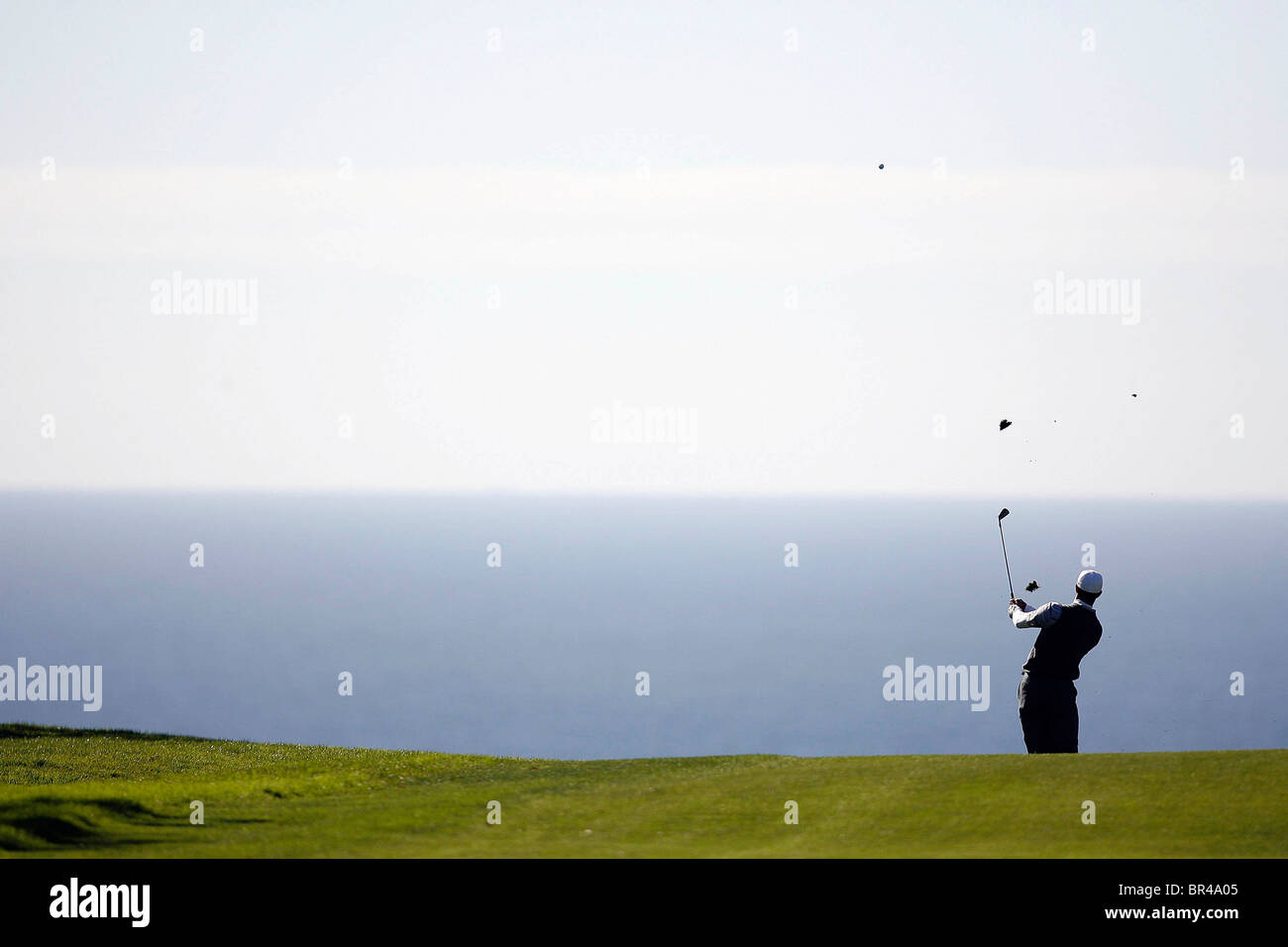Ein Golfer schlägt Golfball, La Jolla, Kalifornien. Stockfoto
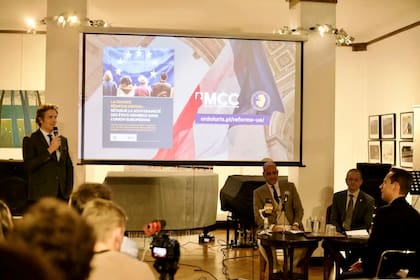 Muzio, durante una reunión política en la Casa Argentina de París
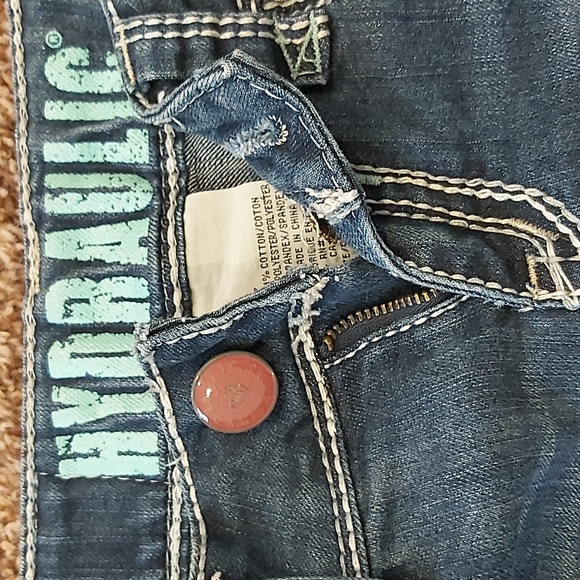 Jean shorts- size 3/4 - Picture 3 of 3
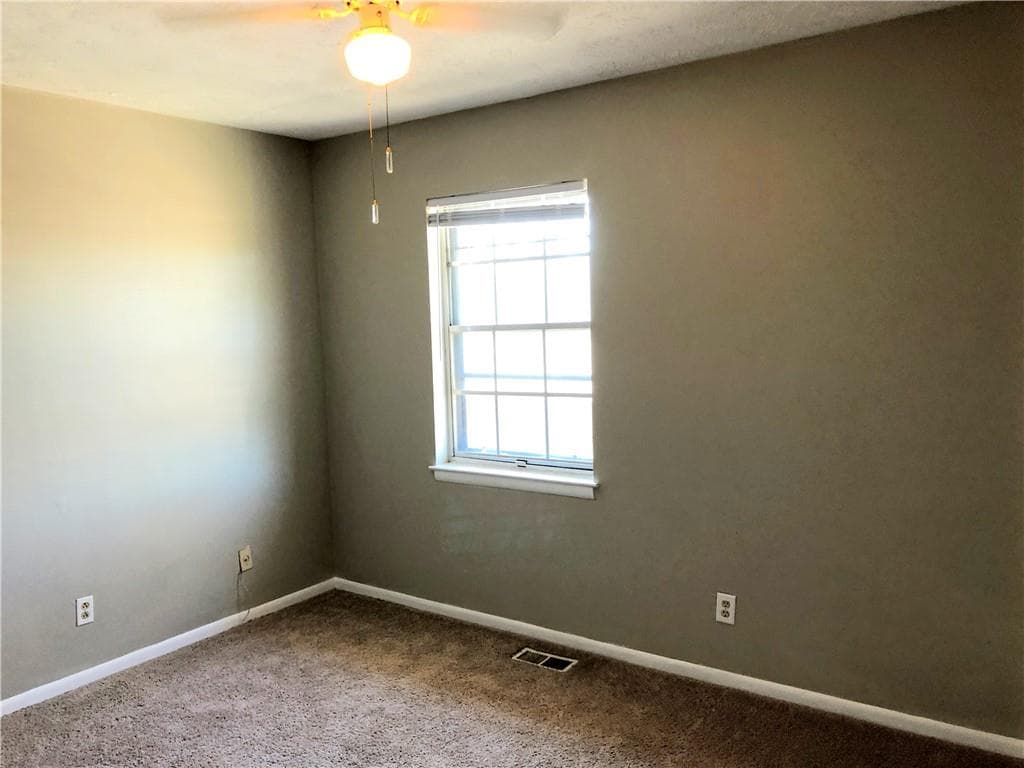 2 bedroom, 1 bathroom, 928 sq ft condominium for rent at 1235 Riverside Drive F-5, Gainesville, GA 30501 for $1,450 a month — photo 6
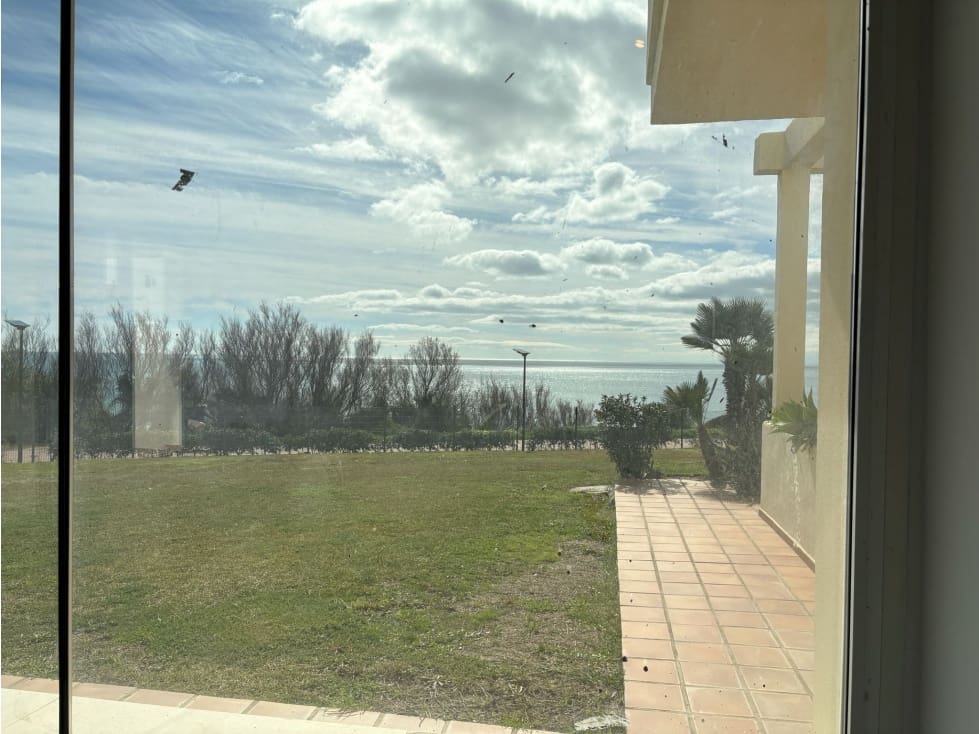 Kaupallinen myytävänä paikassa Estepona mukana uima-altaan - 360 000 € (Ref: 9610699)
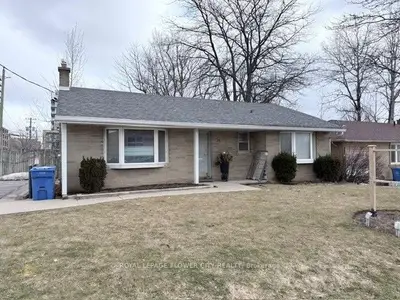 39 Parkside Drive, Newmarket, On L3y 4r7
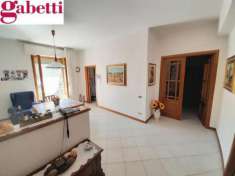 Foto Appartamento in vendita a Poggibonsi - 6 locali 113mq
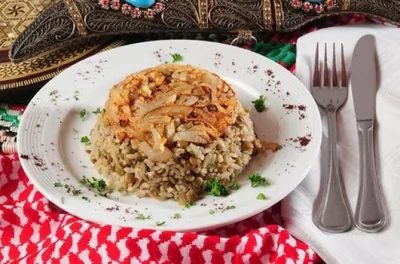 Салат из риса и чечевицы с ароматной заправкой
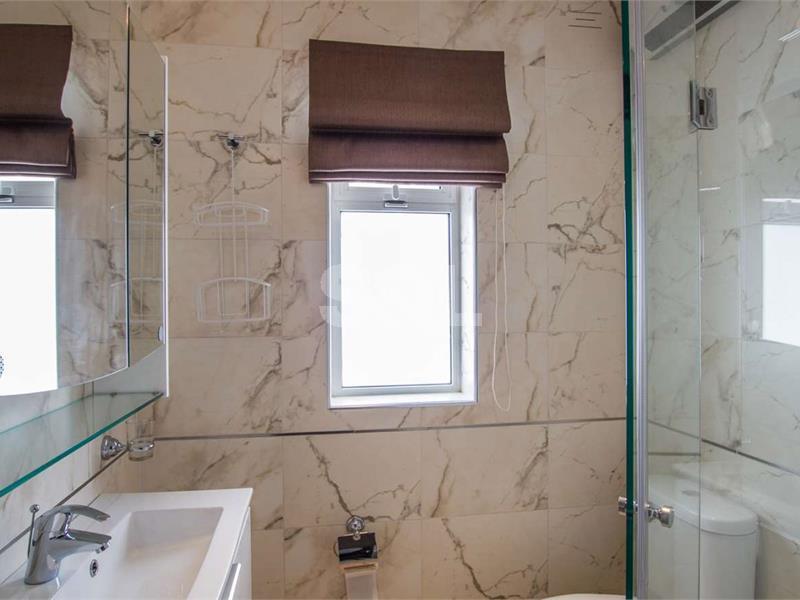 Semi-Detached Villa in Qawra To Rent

> [WHAT THE TASK ASKS] Every record above needs to be repeated exactly; pictures are to be left out.

> [RESPONSE BOX]
Ein Golfer schlägt Golfball, La Jolla, Kalifornien. Stockfoto
 Muzio, durante una reunión política en la Casa Argentina de París
 Jean shorts- size 3/4 - Picture 3 of 3
 2 bedroom, 1 bathroom, 928 sq ft condominium for rent at 1235 Riverside Drive F-5, Gainesville, GA 30501 for $1,450 a month — photo 6
 Kaupallinen myytävänä paikassa Estepona mukana uima-altaan - 360 000 € (Ref: 9610699)
 39 Parkside Drive, Newmarket, On L3y 4r7
 Foto Appartamento in vendita a Poggibonsi - 6 locali 113mq
 Салат из риса и чечевицы с ароматной заправкой
 Semi-Detached Villa in Qawra To Rent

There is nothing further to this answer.